My niece will be four in a few months. "That little one's not too stupid," is my mother's way of describing her.

"Sometimes I do things that are bad," she informed me the other day. "Like when Mommy told me to go upstairs and get her phone."

'Why didn't you go get it?" I asked her.

"Because I didn't want to."

And there's our flawed human nature summed up by a precocious preschooler.

On Christmas Day, we were gathered at her house, and she was showing my younger sister's husband, who is Jewish, the nativity scene. "This is Mary, and this is Joseph, and this is Baby Jesus -- or God," she told him.



Monday, 2 January 2012

It's not over

Christmas is not over. It's not over until January 6. Or January 8, if you live in a country that has transferred Epiphany to the Sunday.
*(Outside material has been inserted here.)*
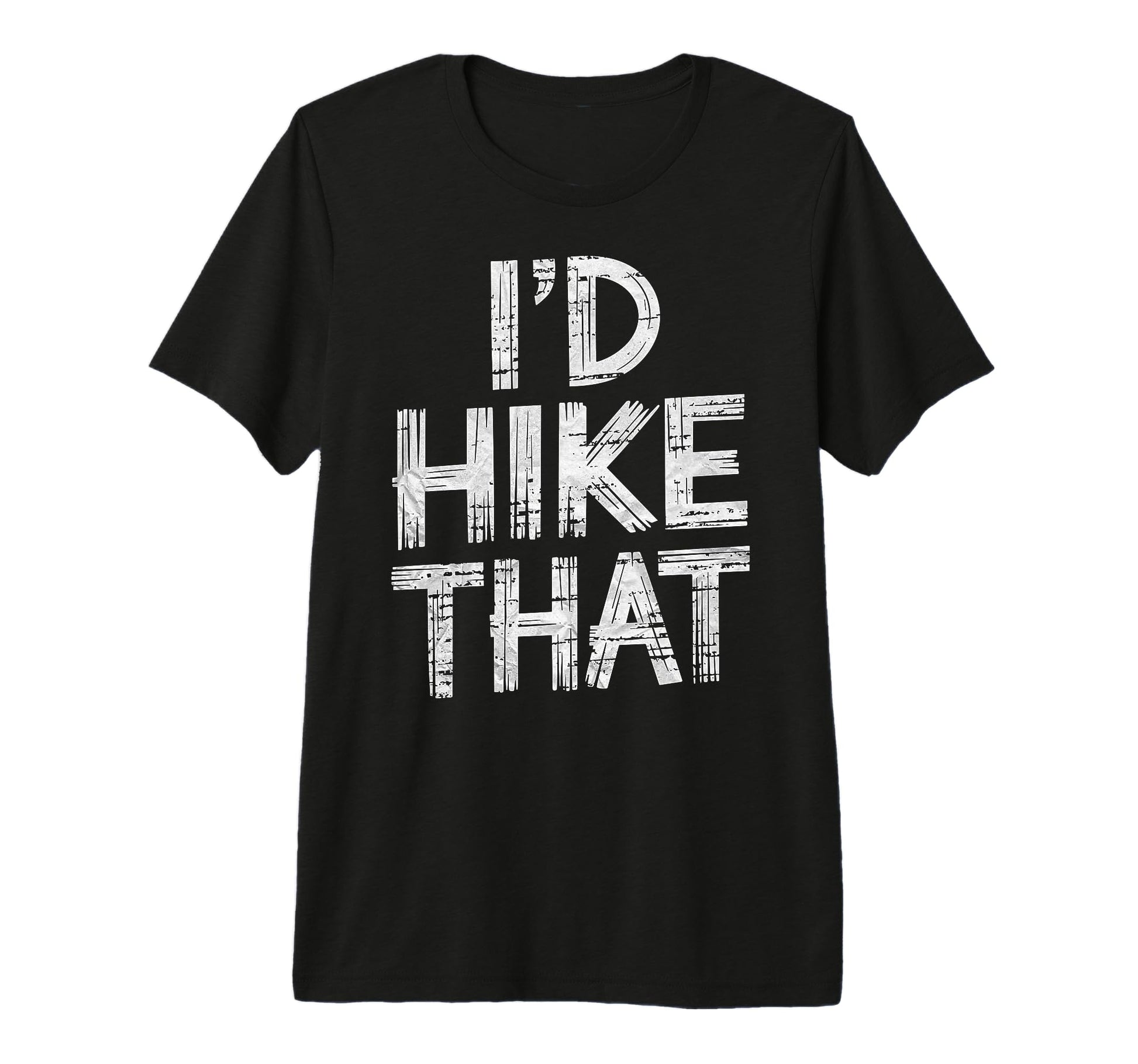 Id Hike That Backpacking Funny Mountain T-Shirt - Aesthetic Graphic Unisex - T-Shirt, Sweatshirt, Hoodie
Or maybe February 2, the Feast of the Presentation. It's not time to take down the tree or the decorations. The Wise Men haven't even got there yet.

A related rant -- why do they stop playing Christmas songs on the radio on December 26? Could they at least not continue until New Year's Day? I was only slightly mollified that when I was in the car at 11.30 on New Year's Eve, I heard U2's New Year's Day, followed by advertisements for two different gyms. It would have been nice to hear Abba's Happy New Year, but I'm sure that it was playing on some radio station somewhere.

And a final curmudgeonly moment -- spending Christmas in my native land, it's become very noticeable that many of my Maritime compatriots often wish each other a "Happy New Year's," and ask each other "What are you doing for New Year's?" Has this become more common or just more obvious to me?

Friday, 9 December 2011

Advent

Catholics obviously don't believe in karma, but I was raised to believe in comeuppance. As in "he'll get his comeuppance; just you watch." I think I get a bit of my own every time a child I teach questions what I say. After all, I happily corrected teachers throughout my school career.

A few weeks ago, I was speaking to a class of Catholic pupils about Advent. "Does anyone know when Advent starts this year?" I asked.

"December first," one of the boys volunteered confidently.

"No," I replied. "It's a different date every year and it's not December first this year."

I noticed a few faces looking bemused. "But it is," another child insisted. "That's the first day in your Advent calendar. That's the first door you open for a chocolate."

Which led other children to chip in with their approach to chocolate Advent calendars -- saving them all up until nearer Christmas, etc.

"We're talking about church Advent, not chocolate Advent calendar Advent," I had to specify. I decided not to mention that I had purchased my chocolate Advent calendar during a trip to the mainland in October. It has Lindt chocolates in it.